除了删除一些未用到的类,主要在agent运动模型上进行了修改

  1. 注释掉不需用到的代码

    # update state of the world
    def step(self): #在environment.py的step函数中调用
        # set actions for scripted agents 
        for agent in self.scripted_agents:
            agent.action = agent.action_callback(agent, self)
        # gather forces applied to entities
        p_force = [None] * len(self.entities)
        # apply agent physical controls
        p_force = self.apply_action_force(p_force)
        # apply environment forces
        # p_force = self.apply_environment_force(p_force)
        self.integrate_state(p_force)
        # print('p_force:', p_force)
    
  2. 力的改变—不需要噪声

    # gather agent action forces
    def apply_action_force(self, p_force):
        # set applied forces
        for i,agent in enumerate(self.agents):
            if agent.movable:
                noise = np.random.randn(*agent.action.u.shape) * agent.u_noise if agent.u_noise else 0.0
                p_force[i] = agent.action.u # + noise # agent的action.u=action.u*accel  environment.py line 190
                # 下面这行是在action.u*accel的基础上再次乘了accel
                # p_force[i] = (agent.mass * agent.accel if agent.accel is not None else agent.mass) * agent.action.u #+ noise
                # print(f"force{i}", p_force[i])
                # print(f"force", p_force)
        return p_force
    
  3. 速度计算公式的改变
    参照论文中的公式将模型修改
    在这里插入图片描述在这里插入图片描述模型是公式的前半部分,后半部分即fd(t)或fe(t)分别指的是追逃策略。

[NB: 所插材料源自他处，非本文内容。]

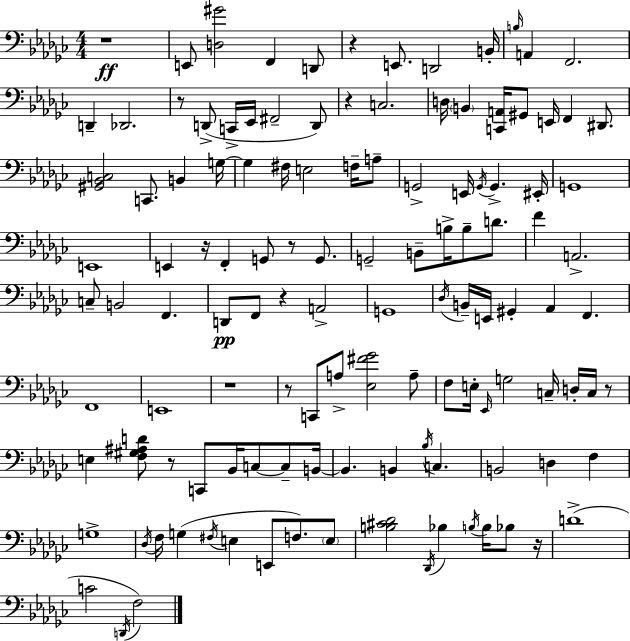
{
  \clef bass
  \numericTimeSignature
  \time 4/4
  \key ees \minor
  r1\ff | e,8 <d gis'>2 f,4 d,8 | r4 e,8. d,2 b,16-. | \grace { b16 } a,4 f,2. | \break d,4-- des,2. | r8 d,8->( c,16-> ees,16 fis,2-- d,8) | r4 c2. | d16 \parenthesize b,4 <c, a,>16 gis,8 e,16 f,4 dis,8. | \break <gis, bes, c>2 c,8. b,4 | g16~~ g4 fis16 e2 f16-- a8-- | g,2-> e,16 \acciaccatura { g,16 } g,4.-> | eis,16-. g,1 | \break e,1 | e,4 r16 f,4-. g,8 r8 g,8. | g,2-- b,8-- b16-> b8-- d'8. | f'4 a,2.-> | \break c8-- b,2 f,4. | d,8\pp f,8 r4 a,2-> | g,1 | \acciaccatura { des16 } b,16-- e,16 gis,4-. aes,4 f,4. | \break f,1 | e,1 | r1 | r8 c,8 a8-> <ees fis' ges'>2 | \break a8-- f8 e16-. \grace { ees,16 } g2 c16-- | d16-. c16 r8 e4 <f gis ais d'>8 r8 c,8 bes,16 c8~~ | c8-- b,16~~ b,4. b,4 \acciaccatura { bes16 } c4. | b,2 d4 | \break f4 g1-> | \acciaccatura { des16 } f16 g4( \acciaccatura { fis16 } e4 | e,8 f8.) \parenthesize e8 <b cis' des'>2 \acciaccatura { des,16 } | bes4 \acciaccatura { b16 } b16 bes8 r16 d'1->( | \break c'2 | \acciaccatura { d,16 } f2) \bar "|."
}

模型主要是此行代码的体现:

    entity.state.p_vel += (p_force[i] / entity.mass -entity.state.p_vel * self.damping / entity.mass) * self.dt 
    

    完整函数如下:

    # integrate physical state
    def integrate_state(self, p_force):
        for i,entity in enumerate(self.entities):
            if not entity.movable: continue # 如果是运动的实体则执行循环体,否则continue
            # entity.state.p_vel = entity.state.p_vel * (1 - self.damping)  # 更新agent速度:速度×(1-阻尼)`  
            # print('v',entity.state.p_vel)
            if (p_force[i] is not None):
                entity.state.p_vel += (p_force[i] / entity.mass -entity.state.p_vel * self.damping) * self.dt 
                # entity.state.p_vel += (p_force[i] / entity.mass ) * self.dt # 牛二:v=v0+f/m*t 速度=力/质量×时间
                # print(f'p_force{i}',p_force[i])
                # print('ss',p_force[i] / entity.mass -entity.state.p_vel * self.damping)
            # 实时加速度
            # a_tmp= p_force[i] / entity.mass - entity.state.p_vel * self.damping
            # print('a%d'%i,a_tmp)
            # print('p_force',p_force)
            entity.state.p_pos += entity.state.p_vel * self.dt
    
  4. 新增边界墙类

    # 边界类
    class Border(Entity):
        def __init__(self):
            super(Border, self).__init__()
            self.pos = None
    

1.2 environment.py文件的修改

除了删除一些未用到的类,主要在环境参数上进行了修改

  1. step函数中添加两者距离小于抓捕范围时,done_n返回True的代码(line107行)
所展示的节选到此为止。